A General Framework for Fast Stagewise Algorithms
Ryan J. Tibshirani; 16(Dec):2543−2588, 2015.
Forward stagewise regression follows a very simple strategy for constructing a sequence of sparse regression estimates: it starts with all coefficients equal to zero, and iteratively updates the coefficient (by a small amount $\epsilon$) of the variable that achieves the maximal absolute inner product with the current residual. This procedure has an interesting connection to the lasso: under some conditions, it is known that the sequence of forward stagewise estimates exactly coincides with the lasso path, as the step size $\epsilon$ goes to zero. Furthermore, essentially the same equivalence holds outside of least squares regression, with the minimization of a differentiable convex loss function subject to an $\ell_1$ norm constraint (the stagewise algorithm now updates the coefficient corresponding to the maximal absolute component of the gradient).

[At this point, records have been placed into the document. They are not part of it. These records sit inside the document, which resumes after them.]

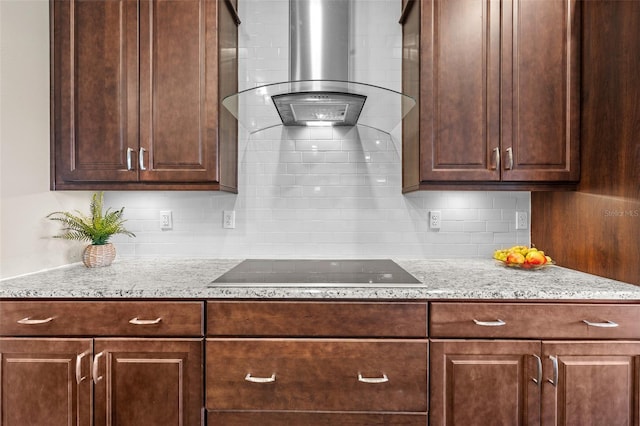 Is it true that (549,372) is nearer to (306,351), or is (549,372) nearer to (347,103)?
(306,351)

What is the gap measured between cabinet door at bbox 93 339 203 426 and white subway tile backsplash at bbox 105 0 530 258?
2.70 ft

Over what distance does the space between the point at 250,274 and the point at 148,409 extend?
645mm

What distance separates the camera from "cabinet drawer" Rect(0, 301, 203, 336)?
137 centimetres

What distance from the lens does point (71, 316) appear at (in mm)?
1383

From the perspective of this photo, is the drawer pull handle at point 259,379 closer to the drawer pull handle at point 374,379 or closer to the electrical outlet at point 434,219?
the drawer pull handle at point 374,379

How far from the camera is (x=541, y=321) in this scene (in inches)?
53.7

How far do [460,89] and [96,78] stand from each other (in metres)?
1.78

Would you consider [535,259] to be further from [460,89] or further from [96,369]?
[96,369]

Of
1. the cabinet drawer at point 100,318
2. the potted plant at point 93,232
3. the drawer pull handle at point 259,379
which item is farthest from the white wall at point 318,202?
the drawer pull handle at point 259,379

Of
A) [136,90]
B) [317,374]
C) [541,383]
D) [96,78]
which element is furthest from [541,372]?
[96,78]

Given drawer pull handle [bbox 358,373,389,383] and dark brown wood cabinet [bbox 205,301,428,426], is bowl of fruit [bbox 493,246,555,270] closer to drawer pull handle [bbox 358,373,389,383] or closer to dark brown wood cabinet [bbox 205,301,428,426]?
dark brown wood cabinet [bbox 205,301,428,426]

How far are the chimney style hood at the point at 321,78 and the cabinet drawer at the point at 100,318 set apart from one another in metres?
1.01

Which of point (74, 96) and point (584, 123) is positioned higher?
point (74, 96)

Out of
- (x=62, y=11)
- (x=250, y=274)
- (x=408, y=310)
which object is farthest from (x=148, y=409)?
(x=62, y=11)
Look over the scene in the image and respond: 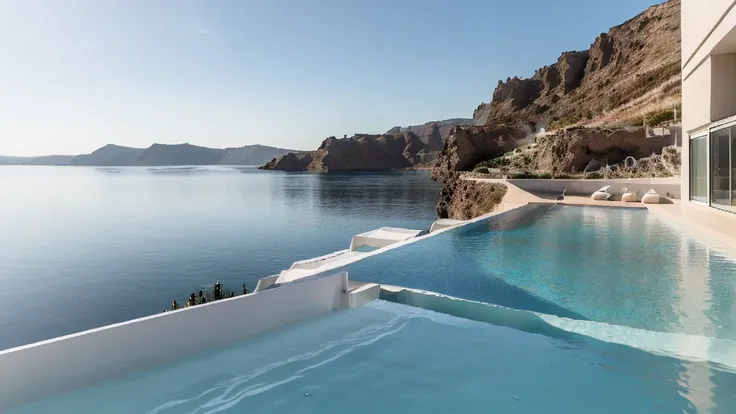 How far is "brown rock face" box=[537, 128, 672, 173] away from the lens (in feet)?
82.8

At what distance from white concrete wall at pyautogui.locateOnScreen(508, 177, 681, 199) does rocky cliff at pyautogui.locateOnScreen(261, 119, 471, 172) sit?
4714 inches

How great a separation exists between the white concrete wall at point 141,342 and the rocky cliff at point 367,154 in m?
134

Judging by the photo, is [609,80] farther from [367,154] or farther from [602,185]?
[367,154]

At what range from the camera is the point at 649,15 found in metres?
66.4

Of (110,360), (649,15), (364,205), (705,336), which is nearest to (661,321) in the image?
(705,336)

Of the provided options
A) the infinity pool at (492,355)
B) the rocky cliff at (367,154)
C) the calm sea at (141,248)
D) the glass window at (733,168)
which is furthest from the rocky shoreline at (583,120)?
the rocky cliff at (367,154)

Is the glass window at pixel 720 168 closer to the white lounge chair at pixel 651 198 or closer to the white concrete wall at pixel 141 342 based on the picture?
the white lounge chair at pixel 651 198

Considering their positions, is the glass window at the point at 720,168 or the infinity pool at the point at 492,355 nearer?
the infinity pool at the point at 492,355

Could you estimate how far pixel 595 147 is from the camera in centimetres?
2675

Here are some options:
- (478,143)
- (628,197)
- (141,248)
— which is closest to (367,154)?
(478,143)

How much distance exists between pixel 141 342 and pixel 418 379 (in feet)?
7.17

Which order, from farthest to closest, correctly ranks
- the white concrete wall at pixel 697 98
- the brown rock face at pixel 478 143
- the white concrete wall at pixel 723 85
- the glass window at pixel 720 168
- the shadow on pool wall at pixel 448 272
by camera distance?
the brown rock face at pixel 478 143
the white concrete wall at pixel 697 98
the white concrete wall at pixel 723 85
the glass window at pixel 720 168
the shadow on pool wall at pixel 448 272

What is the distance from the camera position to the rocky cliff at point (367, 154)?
466 ft

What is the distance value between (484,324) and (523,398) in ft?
4.97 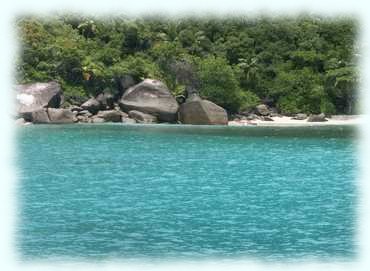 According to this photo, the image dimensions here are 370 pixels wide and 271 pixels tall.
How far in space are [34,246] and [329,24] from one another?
50371 millimetres

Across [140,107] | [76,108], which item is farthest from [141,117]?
[76,108]

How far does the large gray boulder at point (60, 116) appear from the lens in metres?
50.0

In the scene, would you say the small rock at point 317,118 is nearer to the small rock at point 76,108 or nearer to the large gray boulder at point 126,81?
the large gray boulder at point 126,81

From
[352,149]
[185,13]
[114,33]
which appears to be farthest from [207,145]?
[185,13]

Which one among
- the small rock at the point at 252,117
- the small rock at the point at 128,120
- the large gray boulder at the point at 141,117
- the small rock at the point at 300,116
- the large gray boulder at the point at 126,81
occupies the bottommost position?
the small rock at the point at 300,116

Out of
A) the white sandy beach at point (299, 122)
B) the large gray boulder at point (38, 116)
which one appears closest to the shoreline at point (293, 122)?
the white sandy beach at point (299, 122)

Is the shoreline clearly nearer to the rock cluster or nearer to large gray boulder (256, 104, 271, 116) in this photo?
the rock cluster

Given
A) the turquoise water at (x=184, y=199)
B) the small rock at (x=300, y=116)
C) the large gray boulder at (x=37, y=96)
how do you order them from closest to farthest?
the turquoise water at (x=184, y=199)
the large gray boulder at (x=37, y=96)
the small rock at (x=300, y=116)

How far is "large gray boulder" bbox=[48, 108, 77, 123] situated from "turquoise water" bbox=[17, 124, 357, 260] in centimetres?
1157

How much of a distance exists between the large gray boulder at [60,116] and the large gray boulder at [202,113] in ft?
22.0

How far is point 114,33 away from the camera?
2362 inches

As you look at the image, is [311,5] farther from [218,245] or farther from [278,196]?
[218,245]

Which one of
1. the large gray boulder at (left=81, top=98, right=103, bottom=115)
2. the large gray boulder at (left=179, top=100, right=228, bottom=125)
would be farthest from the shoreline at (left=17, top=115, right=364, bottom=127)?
the large gray boulder at (left=81, top=98, right=103, bottom=115)

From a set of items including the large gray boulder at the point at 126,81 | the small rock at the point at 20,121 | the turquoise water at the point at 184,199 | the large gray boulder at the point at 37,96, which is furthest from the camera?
the large gray boulder at the point at 126,81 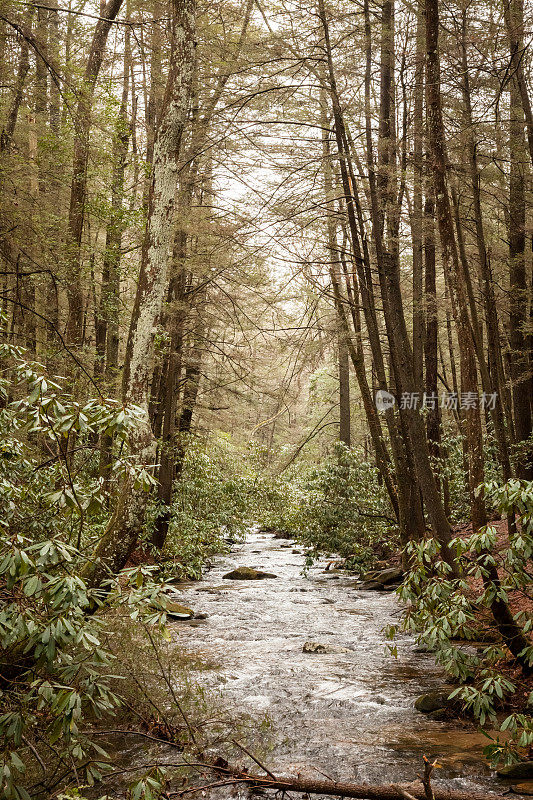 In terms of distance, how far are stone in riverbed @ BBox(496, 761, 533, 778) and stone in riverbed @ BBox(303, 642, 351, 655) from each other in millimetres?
3949

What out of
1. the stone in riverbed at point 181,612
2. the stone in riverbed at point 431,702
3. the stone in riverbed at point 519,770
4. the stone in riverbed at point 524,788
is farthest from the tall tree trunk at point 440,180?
the stone in riverbed at point 181,612

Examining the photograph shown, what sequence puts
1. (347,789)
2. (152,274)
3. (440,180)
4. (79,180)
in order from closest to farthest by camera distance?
(347,789)
(152,274)
(440,180)
(79,180)

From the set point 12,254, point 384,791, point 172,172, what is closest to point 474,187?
point 172,172

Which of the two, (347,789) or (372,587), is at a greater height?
(347,789)

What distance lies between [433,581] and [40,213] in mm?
9697

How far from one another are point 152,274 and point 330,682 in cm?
500

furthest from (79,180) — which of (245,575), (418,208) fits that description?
(245,575)

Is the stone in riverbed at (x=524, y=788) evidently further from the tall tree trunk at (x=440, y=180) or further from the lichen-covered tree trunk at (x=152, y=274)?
the lichen-covered tree trunk at (x=152, y=274)

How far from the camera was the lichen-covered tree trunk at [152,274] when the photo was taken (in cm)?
574

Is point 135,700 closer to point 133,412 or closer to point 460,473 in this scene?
point 133,412

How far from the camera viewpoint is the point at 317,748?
4941mm

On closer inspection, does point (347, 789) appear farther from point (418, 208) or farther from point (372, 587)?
point (418, 208)

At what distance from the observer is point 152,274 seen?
6.37 meters

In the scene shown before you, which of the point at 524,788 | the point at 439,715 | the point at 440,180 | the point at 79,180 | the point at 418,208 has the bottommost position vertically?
the point at 439,715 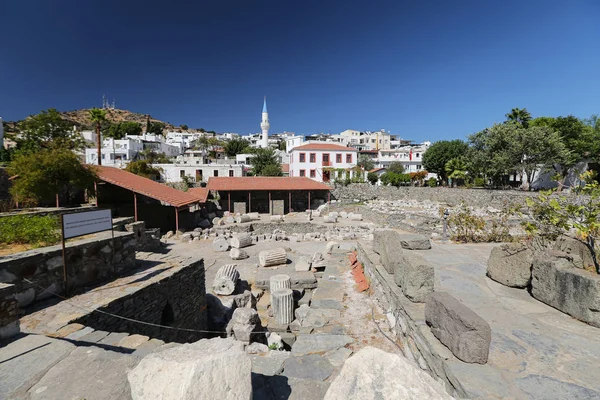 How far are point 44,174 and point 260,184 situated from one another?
16.6 metres

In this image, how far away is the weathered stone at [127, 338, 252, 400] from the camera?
2135 mm

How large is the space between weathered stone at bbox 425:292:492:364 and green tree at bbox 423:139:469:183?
45838 mm

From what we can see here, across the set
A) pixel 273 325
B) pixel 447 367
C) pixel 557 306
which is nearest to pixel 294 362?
pixel 447 367

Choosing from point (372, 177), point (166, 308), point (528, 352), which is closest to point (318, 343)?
point (528, 352)

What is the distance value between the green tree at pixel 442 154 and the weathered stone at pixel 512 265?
42807 mm

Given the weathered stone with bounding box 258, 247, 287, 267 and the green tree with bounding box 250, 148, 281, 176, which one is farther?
the green tree with bounding box 250, 148, 281, 176

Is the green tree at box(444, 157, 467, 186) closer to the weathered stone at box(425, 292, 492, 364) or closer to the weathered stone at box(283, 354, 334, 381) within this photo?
the weathered stone at box(425, 292, 492, 364)

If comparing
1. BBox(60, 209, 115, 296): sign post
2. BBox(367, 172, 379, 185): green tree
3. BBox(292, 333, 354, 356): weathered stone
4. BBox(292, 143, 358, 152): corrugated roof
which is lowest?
BBox(292, 333, 354, 356): weathered stone

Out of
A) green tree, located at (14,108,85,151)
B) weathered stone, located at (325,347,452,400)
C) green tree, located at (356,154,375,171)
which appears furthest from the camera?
green tree, located at (356,154,375,171)

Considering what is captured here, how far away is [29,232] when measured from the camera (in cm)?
615

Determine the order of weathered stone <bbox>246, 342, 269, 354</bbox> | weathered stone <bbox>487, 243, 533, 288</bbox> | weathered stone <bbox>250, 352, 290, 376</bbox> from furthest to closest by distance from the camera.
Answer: weathered stone <bbox>487, 243, 533, 288</bbox> < weathered stone <bbox>246, 342, 269, 354</bbox> < weathered stone <bbox>250, 352, 290, 376</bbox>

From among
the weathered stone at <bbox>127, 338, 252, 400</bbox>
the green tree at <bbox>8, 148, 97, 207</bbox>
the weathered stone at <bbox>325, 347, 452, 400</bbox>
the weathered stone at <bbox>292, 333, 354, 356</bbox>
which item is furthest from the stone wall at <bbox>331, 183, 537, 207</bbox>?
the weathered stone at <bbox>127, 338, 252, 400</bbox>

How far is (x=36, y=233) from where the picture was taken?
6.15 meters

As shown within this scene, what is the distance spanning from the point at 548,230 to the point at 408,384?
266 inches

Even when they do not match their $\ell_1$-constrained analogues, stagewise estimates provide a useful approximation, and are computationally appealing. Their success in sparse modeling motivates the question: can a simple, effective strategy like forward stagewise be applied more broadly in other regularization settings, beyond the $\ell_1$ norm and sparsity? The current paper is an attempt to do just this. We present a general framework for stagewise estimation, which yields fast algorithms for problems such as group- structured learning, matrix completion, image denoising, and more.